I really need to read up on timing adjustment and spark tuning. That has always been the area I've never understood/too scared to start in on.
AIUI, it's pretty straightforward really. If you graph timing vs torque, the left part of the graph shows big gains from every degree you add. Eventually the curve starts to flatten out, and the peak torque is at "MBT". To the right of MBT, it actually starts to lose torque as you add more timing.
Supposedly the stress on the rods goes up a lot as you approach MBT, so ideally you want the motor tuned a degree or two off MBT, to maximize your torque gains while minimizing the stress.
If you're using a dyno, finding MBT (for boosted rows) isn't hard, you pick a row on the table and start adding timing to that row in successive dyno pulls. If the shape of the table is wrong, then you'll probably get to MBT in some cells before you get to it in others, so you start only adding timing in the cells where it actually adds power. Once you find MBT, you back it off a bit, and move up to the next row.
If it pings, then you stop there and back it off a bunch, obviously.

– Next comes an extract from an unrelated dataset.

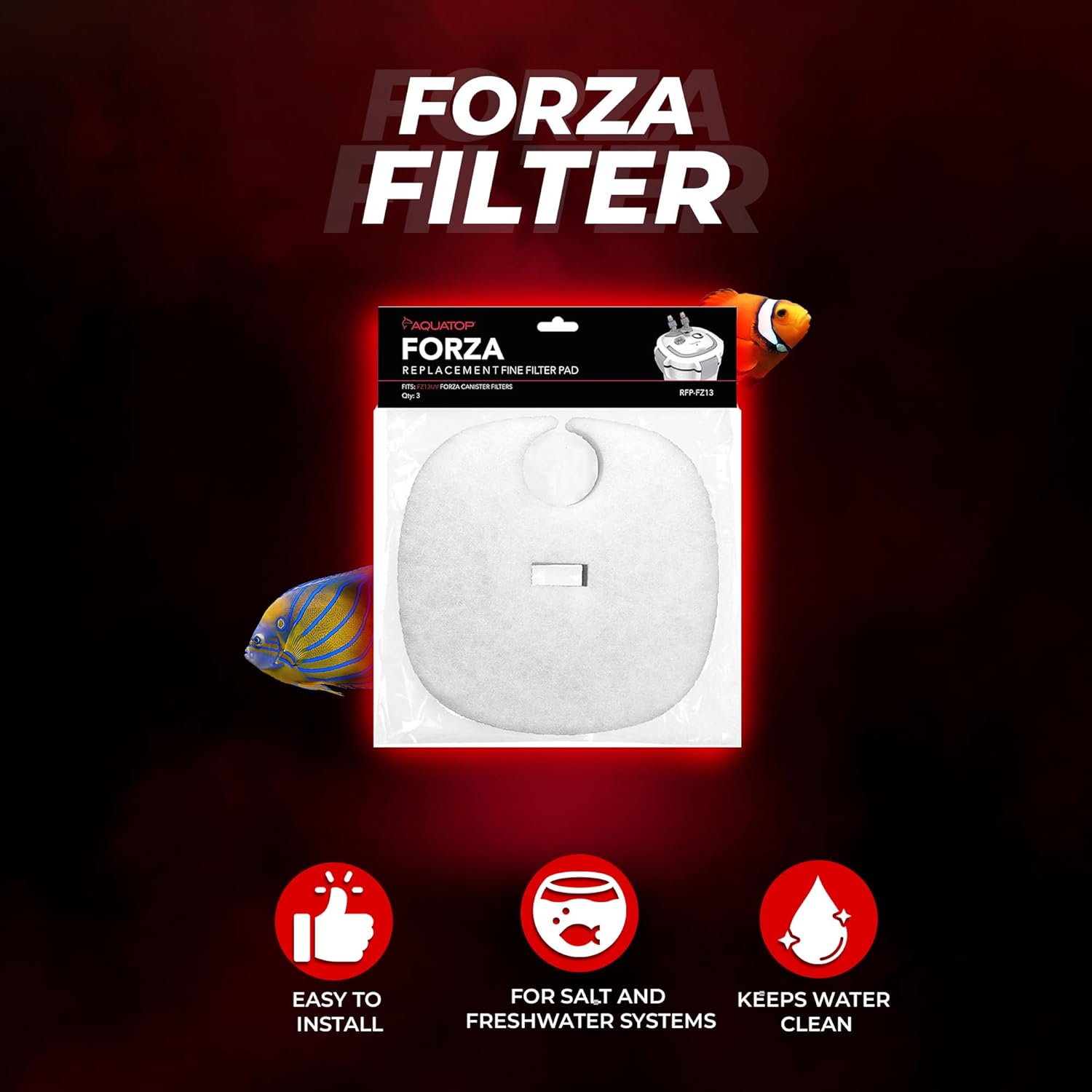 Aquatop Replacement White Filter Pads – Compatible with Forza FZ13 Canister Filters – Aquarium Filter Refills – Maintains Crystal Clear Water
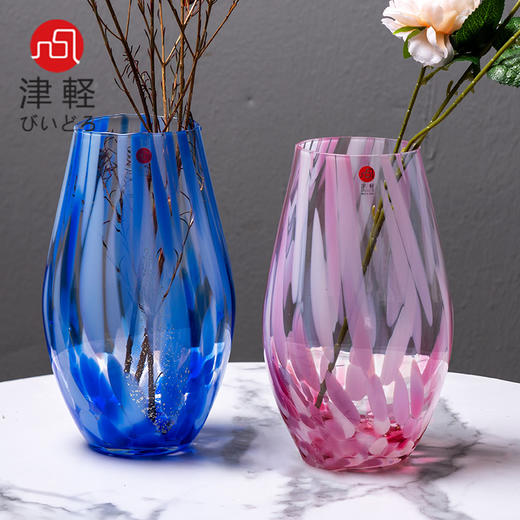 【样品特惠4折，无原包装仅2件，无货退款】日本进口津轻手工彩色玻璃花瓶插花器送人精美礼物家用摆件 商品图5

A little bit of pinging isn't going to do much damage, the trick is in accurately determining when it's pinging, and that's where having dyno tuning experience helps a lot.
You also need good boost control to get this to work, because changing the timing will change the amount of boost you get out of the turbine at a given wastegate setting. If the boost varies by 10 kpa then the torque gains or loss from that can mask the gains or loss from the timing change. Dyno software that could graph torque divided by MAP would be really useful here, but I don't know of any dynos that do that.
As for how you tune timing without a dyno, I have no clue. AFAICT, you basically don't.